Steve Lesem, President and CEO of Mezeo Software (www.mezeo.com), says:
Identify a use case before starting.
A common mistake that we see is the extraordinary focus on the technology as opposed to a focus on your cloud storage use case and the business case that surrounds the use case. The project should start with an analysis of the use case and it’s resulting impact on the business, and operate on the assumption you can source a cloud of appropriate size, scalability and costs.
Research technology solutions that are most appropriate for your use case.
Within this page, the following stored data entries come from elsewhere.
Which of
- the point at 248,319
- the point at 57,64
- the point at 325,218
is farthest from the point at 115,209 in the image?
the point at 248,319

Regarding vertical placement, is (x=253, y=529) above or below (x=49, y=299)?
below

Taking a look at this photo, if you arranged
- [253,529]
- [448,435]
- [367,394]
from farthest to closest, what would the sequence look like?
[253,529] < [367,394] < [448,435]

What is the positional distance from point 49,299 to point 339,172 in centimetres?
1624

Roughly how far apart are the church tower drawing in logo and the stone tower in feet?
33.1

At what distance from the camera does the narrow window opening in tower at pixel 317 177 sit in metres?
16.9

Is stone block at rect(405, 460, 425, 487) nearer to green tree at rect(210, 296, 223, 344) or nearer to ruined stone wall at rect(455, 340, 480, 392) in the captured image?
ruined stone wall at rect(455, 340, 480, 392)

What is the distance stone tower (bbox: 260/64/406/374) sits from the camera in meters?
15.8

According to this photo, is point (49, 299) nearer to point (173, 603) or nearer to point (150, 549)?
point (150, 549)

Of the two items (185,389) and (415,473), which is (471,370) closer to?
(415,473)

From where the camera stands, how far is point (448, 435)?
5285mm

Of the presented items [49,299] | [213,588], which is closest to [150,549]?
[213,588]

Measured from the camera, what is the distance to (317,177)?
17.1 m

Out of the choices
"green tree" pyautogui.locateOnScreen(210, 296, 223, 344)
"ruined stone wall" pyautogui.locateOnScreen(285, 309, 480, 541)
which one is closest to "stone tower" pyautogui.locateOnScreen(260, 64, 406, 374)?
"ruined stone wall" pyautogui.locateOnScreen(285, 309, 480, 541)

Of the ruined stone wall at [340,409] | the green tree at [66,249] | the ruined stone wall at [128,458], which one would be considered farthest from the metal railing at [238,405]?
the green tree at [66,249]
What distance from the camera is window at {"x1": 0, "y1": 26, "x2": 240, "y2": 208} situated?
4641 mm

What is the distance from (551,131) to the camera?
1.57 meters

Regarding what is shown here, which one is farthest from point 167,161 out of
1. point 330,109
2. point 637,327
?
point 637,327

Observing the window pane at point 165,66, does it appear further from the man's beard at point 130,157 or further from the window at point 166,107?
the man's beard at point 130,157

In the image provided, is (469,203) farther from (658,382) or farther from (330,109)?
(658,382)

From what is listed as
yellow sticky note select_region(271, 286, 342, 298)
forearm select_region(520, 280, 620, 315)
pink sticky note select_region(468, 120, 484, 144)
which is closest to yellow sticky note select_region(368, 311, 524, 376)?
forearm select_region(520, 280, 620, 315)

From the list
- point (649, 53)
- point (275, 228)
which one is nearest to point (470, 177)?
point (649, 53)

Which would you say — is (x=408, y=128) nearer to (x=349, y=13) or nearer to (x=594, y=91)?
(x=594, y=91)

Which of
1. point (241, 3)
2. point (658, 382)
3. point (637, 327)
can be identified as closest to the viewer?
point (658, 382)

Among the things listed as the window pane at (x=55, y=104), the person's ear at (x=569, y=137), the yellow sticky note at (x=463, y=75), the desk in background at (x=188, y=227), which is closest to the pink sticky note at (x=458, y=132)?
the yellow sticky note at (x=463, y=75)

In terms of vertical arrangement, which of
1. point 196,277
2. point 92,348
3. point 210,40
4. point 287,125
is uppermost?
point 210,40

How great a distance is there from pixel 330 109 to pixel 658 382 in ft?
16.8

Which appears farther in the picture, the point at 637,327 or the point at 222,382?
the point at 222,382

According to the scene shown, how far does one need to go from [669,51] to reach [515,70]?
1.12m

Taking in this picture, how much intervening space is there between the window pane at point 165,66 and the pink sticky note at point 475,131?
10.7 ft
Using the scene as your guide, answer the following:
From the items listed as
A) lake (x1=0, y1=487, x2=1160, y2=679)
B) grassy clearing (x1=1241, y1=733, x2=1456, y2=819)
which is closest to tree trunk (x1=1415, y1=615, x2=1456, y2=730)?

When you take the use case approach, you will quickly understand that a private cloud is not just a storage infrastructure, but an ecosystem of cloud storage clients, backup and archive solutions, special purpose data movers, management and support, that, when combined with a cloud storage infrastructure gives you a complete solution. Once again, use case focus will flush this out, versus a platform technology led process.
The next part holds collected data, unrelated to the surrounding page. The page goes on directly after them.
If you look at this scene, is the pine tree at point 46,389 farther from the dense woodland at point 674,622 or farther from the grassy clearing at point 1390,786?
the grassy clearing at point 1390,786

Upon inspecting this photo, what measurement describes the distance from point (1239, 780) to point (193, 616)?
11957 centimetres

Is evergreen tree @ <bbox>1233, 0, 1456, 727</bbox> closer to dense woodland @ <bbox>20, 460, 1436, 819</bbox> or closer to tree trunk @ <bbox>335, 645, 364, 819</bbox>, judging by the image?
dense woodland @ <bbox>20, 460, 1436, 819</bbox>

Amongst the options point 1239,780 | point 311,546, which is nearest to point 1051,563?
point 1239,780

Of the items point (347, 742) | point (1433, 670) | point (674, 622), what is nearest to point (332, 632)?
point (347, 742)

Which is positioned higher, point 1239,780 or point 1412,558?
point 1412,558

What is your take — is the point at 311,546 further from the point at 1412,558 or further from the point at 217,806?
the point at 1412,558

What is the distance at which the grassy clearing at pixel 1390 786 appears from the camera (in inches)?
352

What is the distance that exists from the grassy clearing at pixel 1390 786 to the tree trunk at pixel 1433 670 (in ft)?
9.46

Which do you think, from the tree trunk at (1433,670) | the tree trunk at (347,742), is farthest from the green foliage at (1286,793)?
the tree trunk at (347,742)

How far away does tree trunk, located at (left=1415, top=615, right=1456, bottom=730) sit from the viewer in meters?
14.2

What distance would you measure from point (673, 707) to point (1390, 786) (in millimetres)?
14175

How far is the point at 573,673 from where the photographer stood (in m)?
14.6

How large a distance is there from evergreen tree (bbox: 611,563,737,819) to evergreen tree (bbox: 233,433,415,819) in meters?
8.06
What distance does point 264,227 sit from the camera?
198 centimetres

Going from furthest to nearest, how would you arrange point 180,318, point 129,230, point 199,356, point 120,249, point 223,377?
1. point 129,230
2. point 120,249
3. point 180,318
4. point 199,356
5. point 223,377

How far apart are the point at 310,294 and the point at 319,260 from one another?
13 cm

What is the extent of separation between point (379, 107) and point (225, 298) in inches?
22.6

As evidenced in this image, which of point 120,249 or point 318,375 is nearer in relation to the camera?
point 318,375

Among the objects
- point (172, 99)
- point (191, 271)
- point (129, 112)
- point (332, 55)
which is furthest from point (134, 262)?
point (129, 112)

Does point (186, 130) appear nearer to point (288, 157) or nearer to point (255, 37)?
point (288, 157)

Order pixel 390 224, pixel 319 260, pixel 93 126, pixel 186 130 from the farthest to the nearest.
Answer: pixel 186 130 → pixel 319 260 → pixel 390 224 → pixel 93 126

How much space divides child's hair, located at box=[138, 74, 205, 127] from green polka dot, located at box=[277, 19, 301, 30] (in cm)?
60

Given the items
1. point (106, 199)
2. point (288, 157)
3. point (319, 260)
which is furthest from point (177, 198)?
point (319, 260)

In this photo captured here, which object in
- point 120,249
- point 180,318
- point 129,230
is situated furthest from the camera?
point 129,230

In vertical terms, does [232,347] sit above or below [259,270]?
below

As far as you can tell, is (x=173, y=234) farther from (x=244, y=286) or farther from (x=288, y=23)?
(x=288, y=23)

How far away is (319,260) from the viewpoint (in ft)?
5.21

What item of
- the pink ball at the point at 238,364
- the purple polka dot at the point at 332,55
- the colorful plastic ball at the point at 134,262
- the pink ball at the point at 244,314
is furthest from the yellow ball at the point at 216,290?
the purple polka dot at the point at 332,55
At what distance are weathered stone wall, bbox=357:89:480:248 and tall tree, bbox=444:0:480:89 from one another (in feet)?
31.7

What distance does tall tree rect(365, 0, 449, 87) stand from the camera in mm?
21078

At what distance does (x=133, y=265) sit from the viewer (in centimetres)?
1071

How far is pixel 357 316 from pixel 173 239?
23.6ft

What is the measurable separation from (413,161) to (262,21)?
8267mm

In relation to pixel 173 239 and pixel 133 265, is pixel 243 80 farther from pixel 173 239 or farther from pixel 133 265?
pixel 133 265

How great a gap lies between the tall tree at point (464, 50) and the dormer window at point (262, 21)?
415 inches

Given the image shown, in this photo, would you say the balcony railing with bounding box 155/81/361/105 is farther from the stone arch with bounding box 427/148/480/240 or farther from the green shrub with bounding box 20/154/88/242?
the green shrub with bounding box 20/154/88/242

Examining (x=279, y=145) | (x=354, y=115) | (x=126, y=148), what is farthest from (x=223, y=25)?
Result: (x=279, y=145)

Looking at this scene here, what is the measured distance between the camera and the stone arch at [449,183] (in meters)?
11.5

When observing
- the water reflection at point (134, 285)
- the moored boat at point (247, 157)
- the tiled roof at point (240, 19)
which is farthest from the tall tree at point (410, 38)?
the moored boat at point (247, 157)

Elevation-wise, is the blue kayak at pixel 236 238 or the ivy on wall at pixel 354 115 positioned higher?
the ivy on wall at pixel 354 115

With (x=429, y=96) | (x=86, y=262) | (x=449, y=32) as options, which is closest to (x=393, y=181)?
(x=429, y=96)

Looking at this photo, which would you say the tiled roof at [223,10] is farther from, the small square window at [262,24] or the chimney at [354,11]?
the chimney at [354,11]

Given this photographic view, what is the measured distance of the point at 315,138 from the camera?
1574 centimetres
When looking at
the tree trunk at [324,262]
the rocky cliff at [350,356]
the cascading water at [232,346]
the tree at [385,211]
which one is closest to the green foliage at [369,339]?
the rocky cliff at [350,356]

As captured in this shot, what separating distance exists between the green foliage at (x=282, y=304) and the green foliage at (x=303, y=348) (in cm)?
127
Integrate cloud storage with your overall cloud computing strategy.
A storage cloud is simply one layer of a cloud computing stack. How does this cloud fit within your cloud computing stack? Does the way in which you integrate it support the other cloud computing decisions you have made? Evaluation of the cloud storage solution and how it will interact with, support and/or be the infrastructure associated with your overall computing cloud is a critical part of your overall evaluation. You may also choose to use a service provider hosted “private cloud” to solve issues associated with your deployment, and not ever deploy the storage part of a compute cloud within your own data center.